▸ Problem details
Of all the lines below, return only those starting with the line holding "LCD ekran /" and going on through the line holding "HUNTER x HUNTER - DIGITAL COLORED COMICS 272", exactly as written.

═════ Exercise inputs ═════

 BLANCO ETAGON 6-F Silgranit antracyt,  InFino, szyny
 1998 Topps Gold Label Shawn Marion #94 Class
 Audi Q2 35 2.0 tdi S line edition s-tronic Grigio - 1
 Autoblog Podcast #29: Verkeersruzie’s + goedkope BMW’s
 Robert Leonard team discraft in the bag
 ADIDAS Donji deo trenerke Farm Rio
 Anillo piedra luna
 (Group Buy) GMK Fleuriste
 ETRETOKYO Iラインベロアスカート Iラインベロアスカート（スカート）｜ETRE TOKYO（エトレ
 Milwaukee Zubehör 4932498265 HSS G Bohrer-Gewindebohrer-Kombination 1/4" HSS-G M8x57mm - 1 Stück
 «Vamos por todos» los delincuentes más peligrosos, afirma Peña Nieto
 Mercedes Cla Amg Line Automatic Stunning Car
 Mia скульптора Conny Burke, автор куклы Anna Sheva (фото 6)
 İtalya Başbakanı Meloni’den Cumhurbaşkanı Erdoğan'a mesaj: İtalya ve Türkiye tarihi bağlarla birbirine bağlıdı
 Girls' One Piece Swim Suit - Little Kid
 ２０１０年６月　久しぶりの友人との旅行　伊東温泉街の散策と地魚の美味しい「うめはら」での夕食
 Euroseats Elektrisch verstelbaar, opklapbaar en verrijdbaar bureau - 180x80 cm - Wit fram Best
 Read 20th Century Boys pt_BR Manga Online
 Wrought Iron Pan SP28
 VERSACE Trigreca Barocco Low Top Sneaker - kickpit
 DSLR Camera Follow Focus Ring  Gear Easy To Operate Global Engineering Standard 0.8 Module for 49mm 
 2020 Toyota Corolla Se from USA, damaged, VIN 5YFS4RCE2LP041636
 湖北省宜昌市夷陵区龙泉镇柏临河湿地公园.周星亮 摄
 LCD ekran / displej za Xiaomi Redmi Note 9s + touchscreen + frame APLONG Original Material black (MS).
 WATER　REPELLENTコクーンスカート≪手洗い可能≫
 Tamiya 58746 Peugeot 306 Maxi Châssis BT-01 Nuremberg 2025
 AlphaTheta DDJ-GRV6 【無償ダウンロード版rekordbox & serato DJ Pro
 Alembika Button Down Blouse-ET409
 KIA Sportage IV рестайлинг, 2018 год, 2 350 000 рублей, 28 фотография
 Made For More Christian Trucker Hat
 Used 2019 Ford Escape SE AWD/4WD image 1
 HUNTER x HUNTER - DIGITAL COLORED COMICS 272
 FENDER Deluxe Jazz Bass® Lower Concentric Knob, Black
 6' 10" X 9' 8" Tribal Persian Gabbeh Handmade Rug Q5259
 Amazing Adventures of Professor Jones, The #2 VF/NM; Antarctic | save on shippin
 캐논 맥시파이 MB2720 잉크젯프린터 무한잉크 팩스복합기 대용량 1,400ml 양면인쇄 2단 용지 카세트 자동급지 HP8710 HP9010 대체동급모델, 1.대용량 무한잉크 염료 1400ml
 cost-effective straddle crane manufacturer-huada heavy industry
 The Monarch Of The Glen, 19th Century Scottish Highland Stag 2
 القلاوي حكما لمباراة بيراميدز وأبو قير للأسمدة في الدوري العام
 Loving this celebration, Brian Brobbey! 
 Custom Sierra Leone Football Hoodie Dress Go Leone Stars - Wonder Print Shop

═════

▸ Answer below
 LCD ekran / displej za Xiaomi Redmi Note 9s + touchscreen + frame APLONG Original Material black (MS).
 WATER　REPELLENTコクーンスカート≪手洗い可能≫
 Tamiya 58746 Peugeot 306 Maxi Châssis BT-01 Nuremberg 2025
 AlphaTheta DDJ-GRV6 【無償ダウンロード版rekordbox & serato DJ Pro
 Alembika Button Down Blouse-ET409
 KIA Sportage IV рестайлинг, 2018 год, 2 350 000 рублей, 28 фотография
 Made For More Christian Trucker Hat
 Used 2019 Ford Escape SE AWD/4WD image 1
 HUNTER x HUNTER - DIGITAL COLORED COMICS 272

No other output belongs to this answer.